I feel like tracking your own vocals is a gift. You’re at the helm, and no one’s around. You can try weird shit if you want, and then erase it.
One thing about tracking my own vocals, as a recording engineer, is that I remember everything about the experience so I'm dialed in to other singers when I record them. I sang parts over and over, then comped and comped, then re-sang again. Then I listened in the car and did it again. It was worth it. That’s the thing to remember. If someone can’t play a guitar part and we’re doing it over and over, that’s misery. But if someone is finding their way, that’s different. I went to England to record this band Wren, and their singer Owen [Jones] did the vocals in a day. He’s a great vocalist.
For the whole album [Groundswells]?
Yeah. Knocked them out. They were great. But the next morning, he said, “You know what? I can do better.” I was like, "Man, we’ve got other things to do, but all right." Then he absolutely beat it. I would have kept the first takes, for sure. Then, after I went home, he re-recorded a few songs, and beat his takes again.

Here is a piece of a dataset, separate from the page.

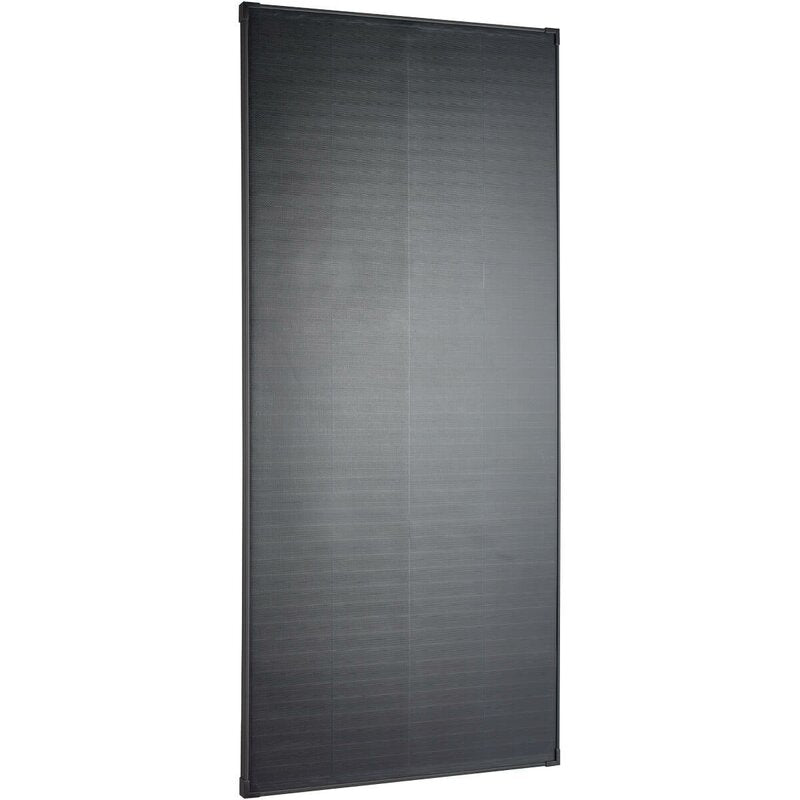 Pannello solare monocristallino leggero SSP 200 nero da 200 W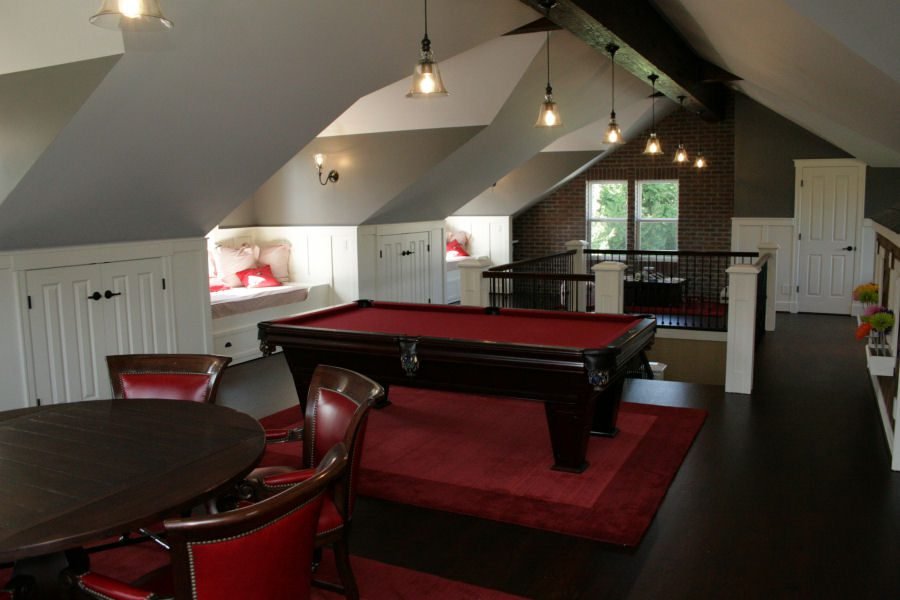 How Much To Build A Pool >> From a Storage Space to a Functional Area - Attic ... How Much To Build A Pool >> From a Storage Space to a Functional Area - Attic ...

He just knew. But it’s a slippery slope. One of the things I tell bands is, "It doesn’t have to hurt." Play a song well, then move on. If they’re a good band, they don’t need to do 100 takes. But for these vocals, I did need to do lots of takes. I hadn’t sung a lot of this before, and I was working it out as I went.
Do you do vocals at practice?
I do, but we recorded these songs with no vocals written.

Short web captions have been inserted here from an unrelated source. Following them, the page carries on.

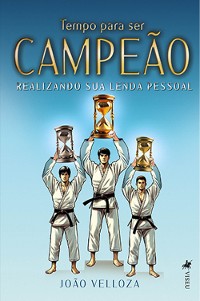 Cover Tempo para ser campeão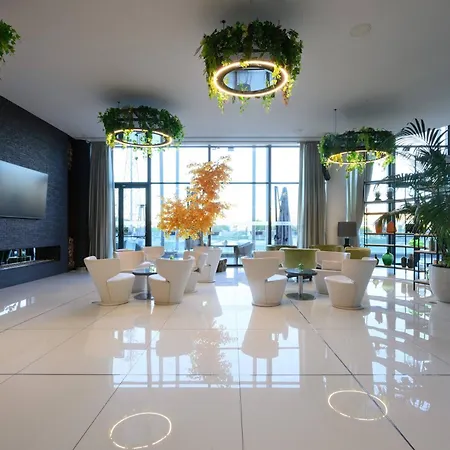 Melia Hotel&spa 5*
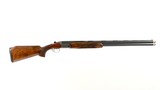 Blaser F16 Intuition 12ga 30
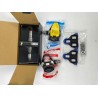 Outlet Pedały zatrzaskowe Shimano Dura-Ace PD-R9100 234g SM-SH12 8mm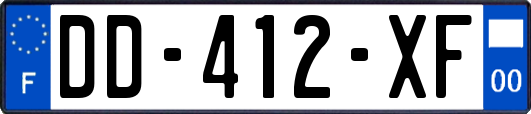 DD-412-XF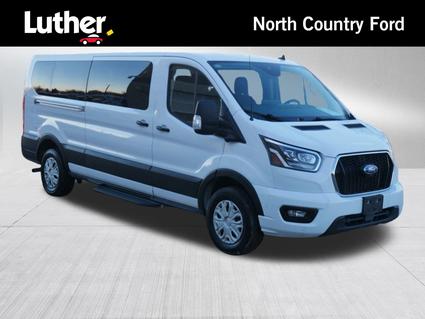 2023 Ford Transit Wagon Minneapolis MN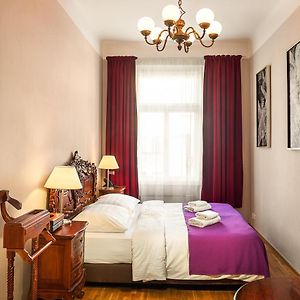 Appartement Studio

Whoa. That’s interesting. I would think that there would be some interplay where one thing would inform the other, and all that.
You would think. I wouldn’t recommend this. It was bad. But we’ve done this long enough, and we do try to write actual songs, so I knew the song structures and where vocals would go. It worked out. Still, it sucked.

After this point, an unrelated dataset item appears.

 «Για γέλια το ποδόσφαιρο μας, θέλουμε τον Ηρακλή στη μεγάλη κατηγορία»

Does the band come up with all these songs on the spot, together in a room? Or does somebody bring the seeds?
Jon and I wrote the majority of the record, sitting in my studio together with our guitars plugged into Pro Tools with that “Eleven” amp simulator. We both came to like our fake guitar sounds. [laughs] If need be, I program basic demo drums.
Why that, versus getting everybody in a room and jamming?
We found that it’s grueling to write this material, and it ends up being better doing it when it’s like, "Okay, we’re both down for pain."
How do you feel now that it’s all done? Are you happy with the record?
I am. I feel good about it.
That’s rare, right?
You know me. I’m rough on myself.
Would you call the mastering on this pretty involved? Usually, “Don’t master my record!” is your version of mastering instructions.
I should give a shout out to Carl Saff [Saff Mastering] for his mastering work. We did ten fucking mastering passes. In case Carl is reading this, I want to say, "I’m sorry." He is a patient, patient man! I will say, if I played you the first master, the record got demonstrably better for it. Carl is not a heavy-handed person, no matter what. But I try to get him to juice things up a little. He knows that I like him to push the low end. He’s also a typical mastering engineer, where he’s like, “The mix sounds good! If you’re happy, I’m happy!” He’s trying to make progress rather than open cans of worms. But I’m like, "Carl, I need more from you. Open that can." We’d go back and forth, and he was always very polite and Midwestern. Eventually I’d say, “Okay, I talked myself into it. I’m trying one more move.” It was like talking to a therapist. Me working through things out loud, with him mostly nodding. It made a big difference. For someone whose work one might consider mild-mannered, he improved this record. If nothing else, he accomplished that by being patient. I’m grateful.